Project restart in wake of election
During his successful election campaign last year, Prime Minister Xanana Gusmao called for a restart of the Tasi Mane development project, reviving the government’s strategic development plan from 2011. According to the plan, the multi-year Tasi Mane development of three industrial clusters on the south coast will form the backbone of the Timor-Leste petroleum industry.
This will include the Suai Supply Base cluster, the Betano refinery and petrochemical industry cluster, and the Beaco LNG plant cluster. Timor Gap explained: “Without the Tasi Mane projects, there would be very scarce oil and gas economic activity taking place in the Timor-Leste territory and the country would benefit only from revenue sharing and taxes.
“When fully implemented, the Tasi Mane projects will not only benefit the petroleum industries but also provide opportunities for other sectors such as agriculture, forestry, fisheries and tourism to be developed on a much bigger scale as they will easily reach international markets. “The Tasi Mane projects will generate both direct and indirect jobs, which in turn will assist the government as we tackle unemployment issues, as well as encourage investment in our other young industries.”
Foreign Minister Penny Wong, on a visit to Timor-Leste after Gusmao’s election, promised to increase economic support, cooperate on Greater Sunrise, and to develop a respectful longterm relationship. Wong said: “That means listening carefully to your interests and priorities; that means being a partner who will support the sustainable growth of your economy and deliver the greatest wealth and security for your people – and avoiding the risks of unsustainable lending that have hobbled other countries.
“That is why Australia is so deeply committed to working with Timor-Leste to realise the development of Greater Sunrise.” Another factor in the calculus behind project economics is the development by Santos of the Bayu-Undan carbon capture and storage (CCS) project, which proposes the storage of carbon dioxide in the near-depleted reservoir.
As production winds down, the potential to generate new revenue streams from the CCS project is a key part of Timor- Leste’s overall development strategy to build a resilient industry and economy.
Initial projections show that demand for carbon dioxide storage at Bayu-Undan could be upwards of 10 million tonnes a year and suggest the project will be a relatively low-cost carbon solution, with costs expected to be within the Australian government’s proposed price cap on Australian Carbon Credit Units.
Timor’s government has entered a partnership with the International Finance Corporation (IFC) to ensure preparations for the CCS project in the Timor Sea meet global best practice while supporting the island nation’s greenhouse gas emissions mitigation efforts.
Florentino Soares Ferreira, President of Timor Leste’s National Authority of Petroleum and Minerals said: “This agreement with IFC will help to ensure that not only best practice is applied to this project but that the interest of Timor- Leste and its people are put first. “Our goal is to establish Asia Pacific’s first large-scale offshore multi-user hub infrastructure for receiving and storing carbon dioxide from multiple sources and industries.”

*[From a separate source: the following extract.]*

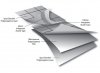 easy-trim-pro-integrate-membrane-diagram-zg94hvwynd.jpg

A final investment decision for Bayu-Undan CCS is targeted for 2025. Isabel Chatterton, IFC’s Regional Industry Director for Infrastructure in the Asia Pacific, said timely development by the government of appropriate legal and regulatory frameworks that aligned with international best practices was fundamental to enable the Bayu-Undan CCS project to proceed.
“IFC has a strong track record of successful cooperation with the government of Timor-Leste and hence it’s well placed to play the role of an honest broker and advisor by sharing knowledge, advocating for best practice environmental and social standards, and ensuring the robustness of the enabling environment for this project to eventually become a reality.”